First create a python environment

conda create -n gsim python=3.7

and activate it

conda activate gsim

then install all the required packages

pip install -r requirements.txt

make sure to install tensorflow separately, we use this to generate the tensorboards which display the results

pip install tensorflow

and finally, we need to install the POT library to calculate the Wasserstein distance. Optionally, to speed things up, you can install pathos for multi-core processing.

pip install --user -U https://github.com/PythonOT/POT/archive/master.zip
pip install pathos
pip install p_tqdm

Mac

Please follow the installation steps for Ubuntu, but install Tensorflow as follows.

Make sure to install tensorflow, for M1 macs run:

python -m pip install tensorflow-macos
pip install tensorflow-metal

Then install all other requirements:

Run pip install -r requirements.txt

The current version of POT, 0.7, does not yet include some important bug fixes. Using the latest version is therefore recommended.
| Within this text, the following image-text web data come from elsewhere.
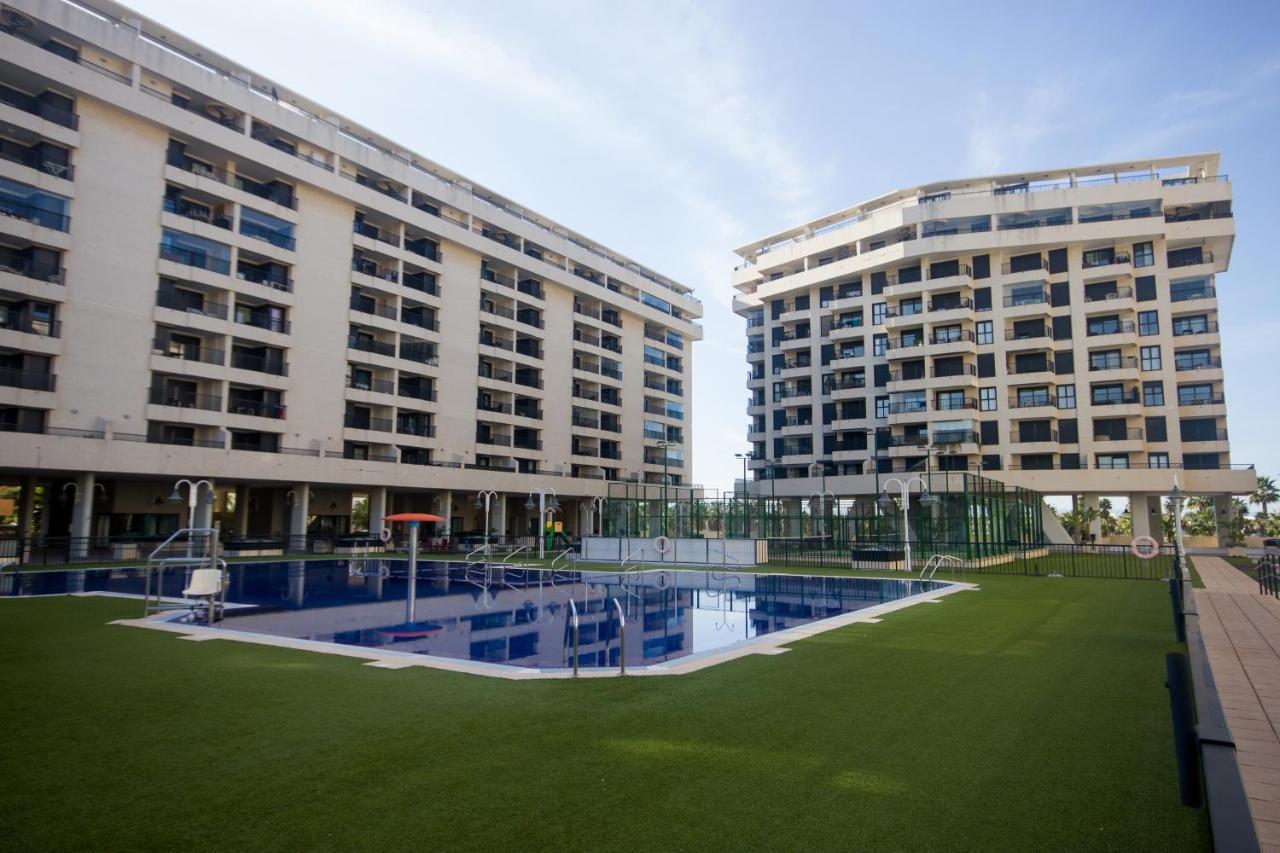 Style Apartment Patacona Beach Segunda Linea Валенсия Экстерьер фото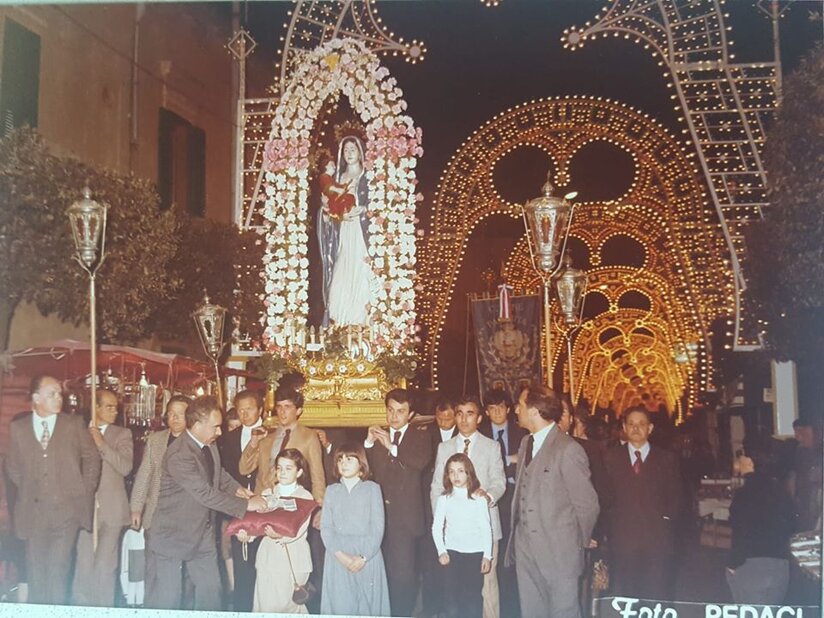 Madonna della Coltura Madonna della Coltura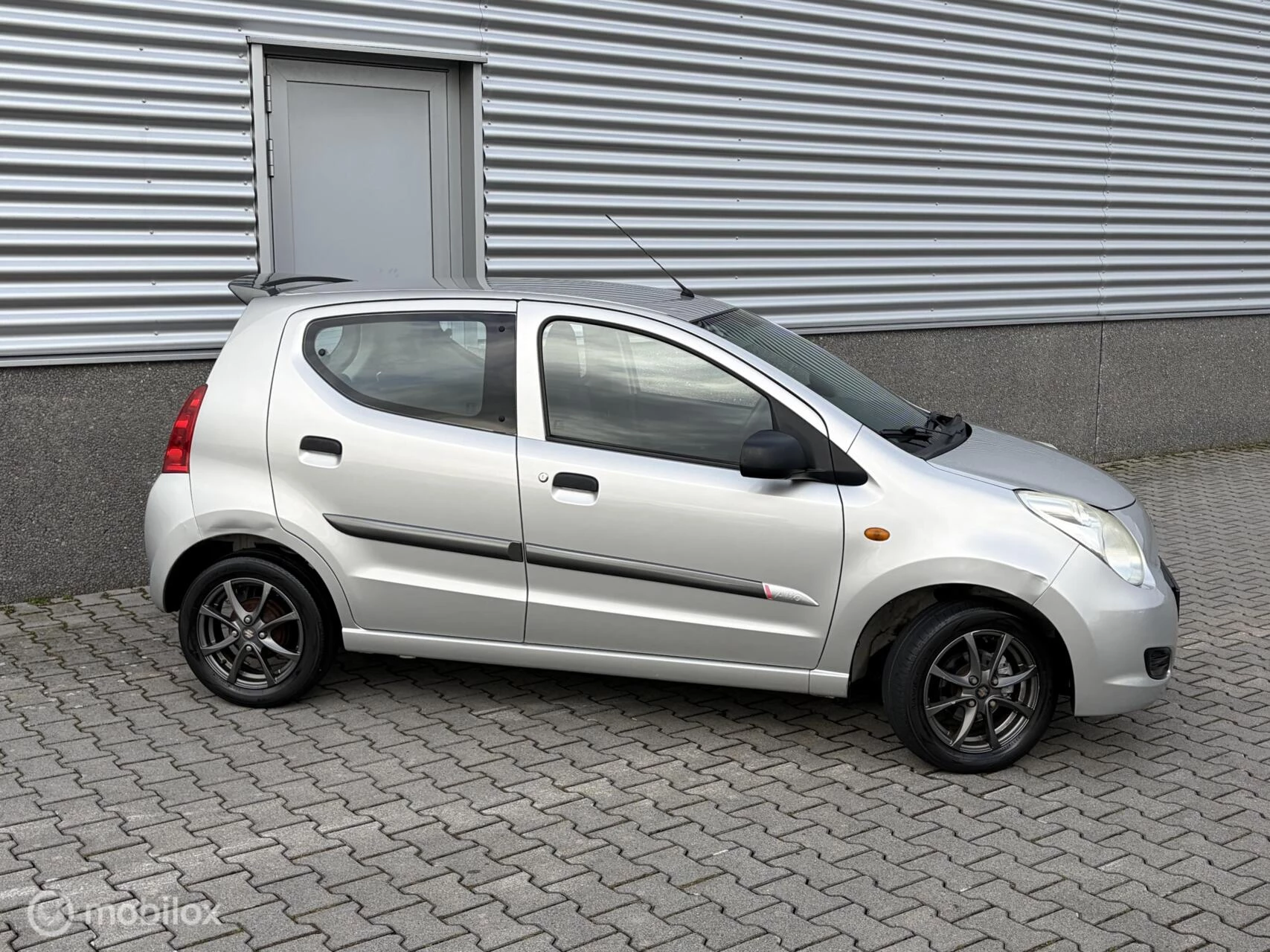Hoofdafbeelding Suzuki Alto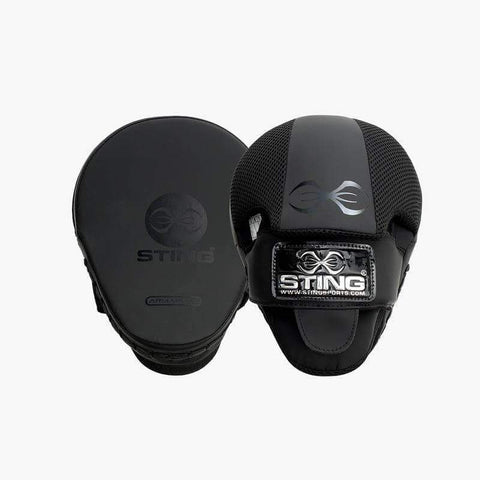 Image of STING ARMAPLUS MATTE FOCUS MITT BOXING MMA PUNCH PADS - sweatcentral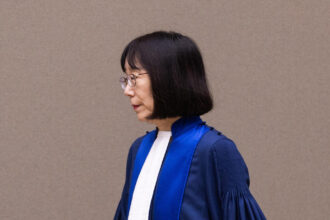 Fotografía de archivo de la presidenta de la Corte Penal Internacional, Tomoko Akane. EFE/ Eva Plevier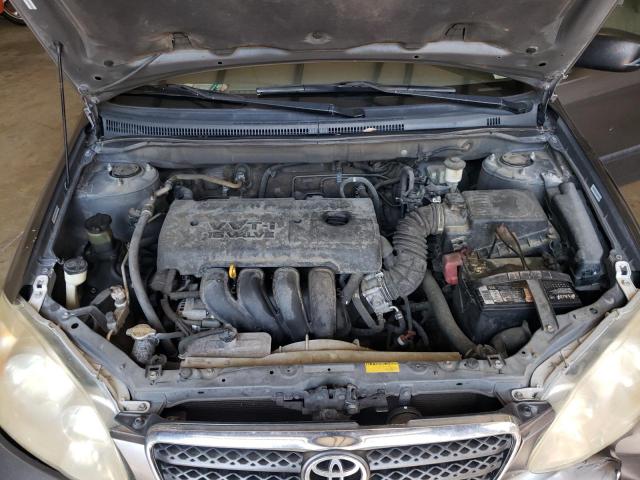 Photo 11 from auction – 2008 TOYOTA COROLLA CE with VIN 1NXBR32E18Z051435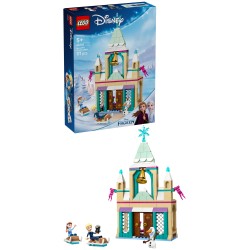 LEGO Disney 43265 Castello di ghiaccio di Arendelle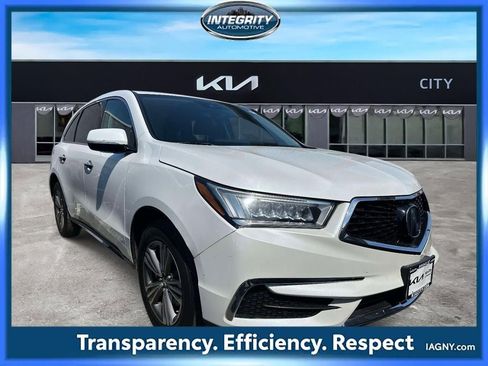 Used 2020 Acura MDX SH-AWD image 1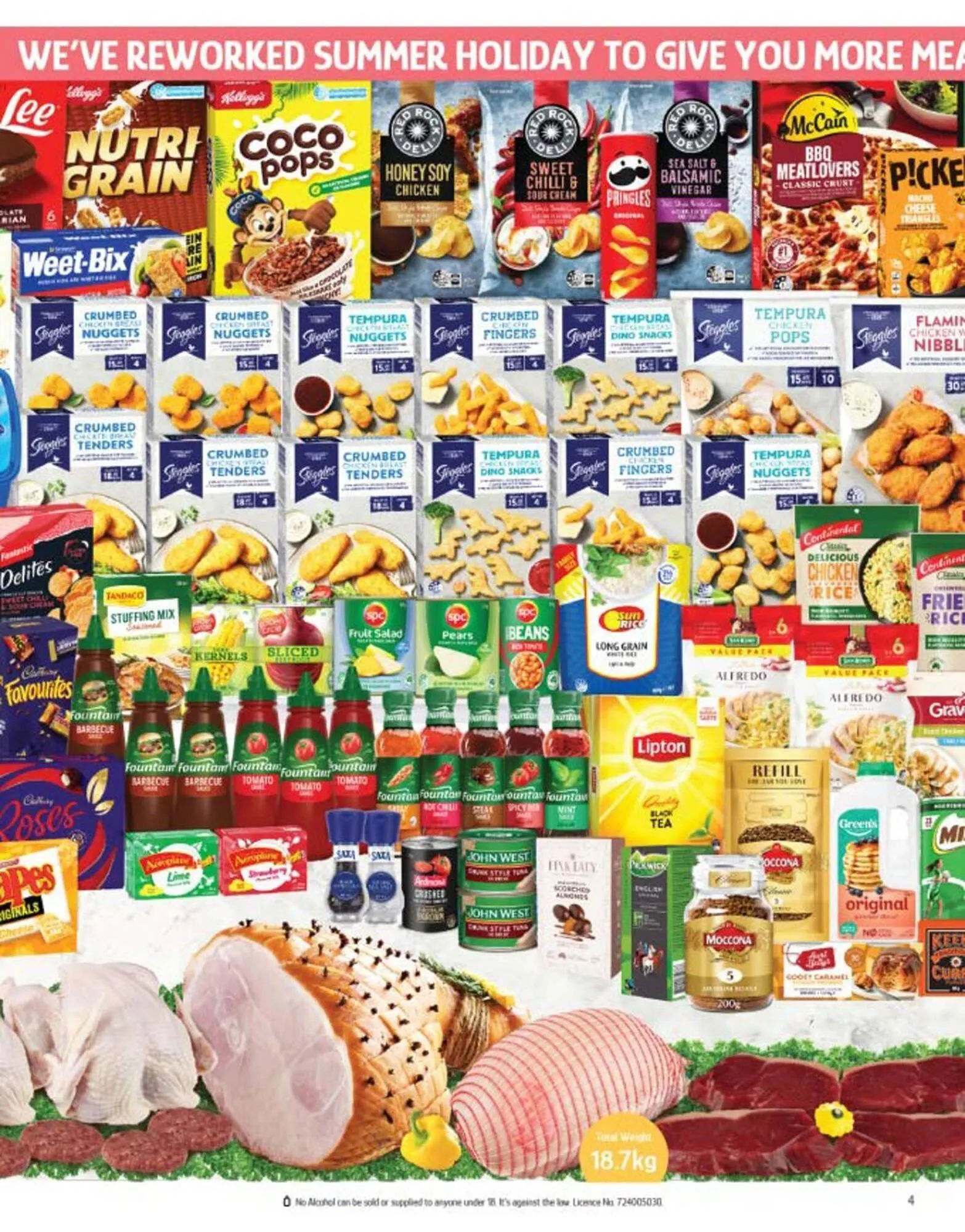 Chrisco Hampers catalogue - Catalogue valid from 19 September to 31 December 2026 - page 4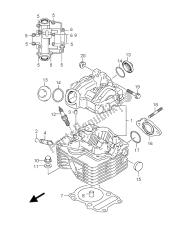 CYLINDER HEAD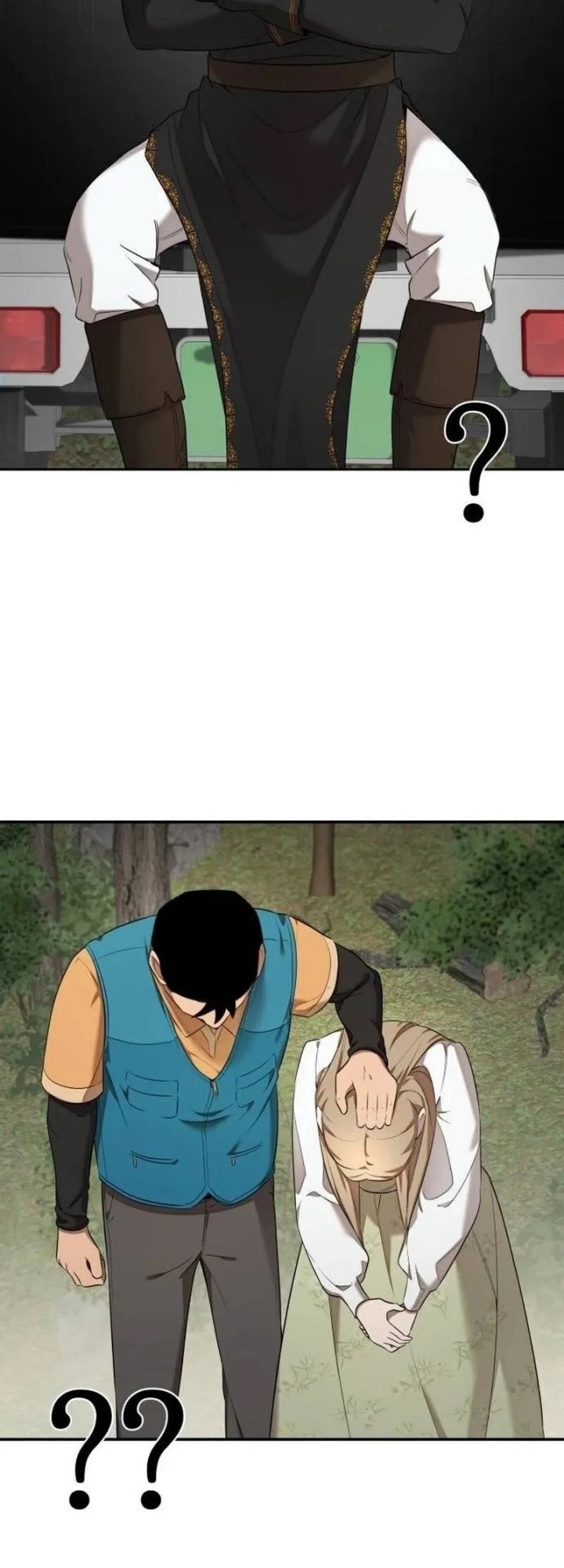 Truck Driver Tag Team Match Chapter 5 Gambar 20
This is done via pip install --user -U https://github.com/PythonOT/POT/archive/master.zip

If you want to calculate the Wasserstein distances in parallel, you need the Pathos package: pip install pathos, or for a pretty progress bar p_tqdm: pip install p_tqdm which uses Pathos in the background.

Automl

For Mac OS X we have the following bug: automl/auto-sklearn#1591

Run experiments

We included various .sh files, these list the experiments you could do.

  • experiments_public.sh: run the experiments on the public dataset with svm classifier
  • experiments_public_automl.sh: see above, but we use automl
  • experiments_public_random.sh: we use a random set of reference graphs
  • experiments_synthetic_different_classes.sh: classifies different classes
  • experiments_synthetic_same_class.sh: classifies graphs from the same class, but with different settings

You can define your own experiments, execute the following command for guidance

python experiments.py -h 

to get the help menu, or modify the below example command

python experiments.py -d https://ls11-www.cs.tu-dortmund.de/people/morris/graphkerneldatasets/MUTAG.zip --online -i 8 -r 128 --categorical --model wwlr --n_jobs 12 --gridsearch

Generate fake data

To validate our results, we use publicly available dataset and synthetic data. Here we describe how to generate the synthetic data.

The following command stores the generated datasets in the data/ folder

python generate_fake_data.py